The control system attached to the tree controls the downhole safety valve (scssv, dhsv, sssv) while the tree acts as an attachment and conduit means of the control system to the downhole safety valve.

Christmas trees are used on both surface and subsea wells (current technical limits are up to around 3000 metres and working temperatures of -50°F to 350°F with a pressure of up to 15,000 psi). The deepest installed subsea tree is in the Gulf of Mexico at approximately 9000 feet.

Valves

Subsea and surface trees have a large variety of valve configurations and combinations of manual and/or actuated (hydraulic or pneumatic) valves.
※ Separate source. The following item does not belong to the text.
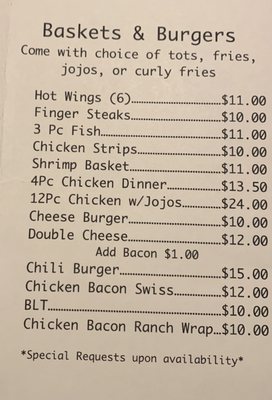 Menu photo 3 Woody's Craigmont, ID Menu photo 3 Woody's Craigmont, ID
Examples are identified in API Specifications 6A and 17D.

A basic surface tree consists of two or three manual valves (usually gate valves because of their strength).

A typical sophisticated surface tree will have at least four or five valves, normally arranged in a crucifix type pattern (hence the endurance of the term "Christmas tree"). The two lower valves are called the master valves (upper and lower respectively) because they lie in the flow path, which well fluids must take to get to surface. The lower master valve will normally be manually operated, while the upper master valve is often hydraulically actuated, allowing it to be a means of well control while an actuated wing valve is normally the primary well remotely (from control room or control panel) controlled valve. Hydraulic tree wing valves are usually built to be fail safe closed, meaning they require active hydraulic pressure to stay open.

The right hand valve is often called the flow wing valve or the production wing valve, because it is in the flowpath the hydrocarbons take to production facilities (or the path water or gas will take from production to the well in the case of injection wells).

The left hand valve is often called the kill wing valve. It is primarily used for injection of fluids such as corrosion inhibitors or methanol to prevent hydrate formation. In the North Sea, it is called the non-active side arm (NASA). It is typically manually operated.

The valve at the top is called the swab valve and lies in the path used for well interventions like wireline and coiled tubing. For such operations, a lubricator is rigged up onto the top of the tree and the wire or coil is lowered through the lubricator, past the swab valve and into the well. This valve is typically manually operated.

Some trees have a second swab valve, the two arranged one on top of the other. The intention is to allow rigging down equipment from the top of the tree with the well flowing while still preserving the Two-barrier rule. With only a single swab valve, the upper master valve is usually closed to act as the second barrier, forcing the well to be shut in for a day during rig down operations. However, avoiding delaying production for a day is usually too small a gain to be worth the extra expense of a having a Christmas tree with a second swab valve.

Subsea trees are available in either vertical or horizontal configurations with further speciality available such as dual bore, monobore, concentric, drill-through, mudline, guidlineless or guideline. Subsea trees may range in size and weight from a few tons to approximately 70 tons for high pressure, deepwater (>3000 feet) guidelineless applications. Subsea trees contain many additional valves and accessories compared to Surface trees. Typically a subsea tree would have a choke (permits control of flow), a floline connection interface (hub, flange or other connection), subsea control interface (direct hydraulic, electro hydraulic, or electric) and sensors for gathering data such as pressure, temperature, sand flow, erosion, multiPhase flow, single phase flow such as water or gas.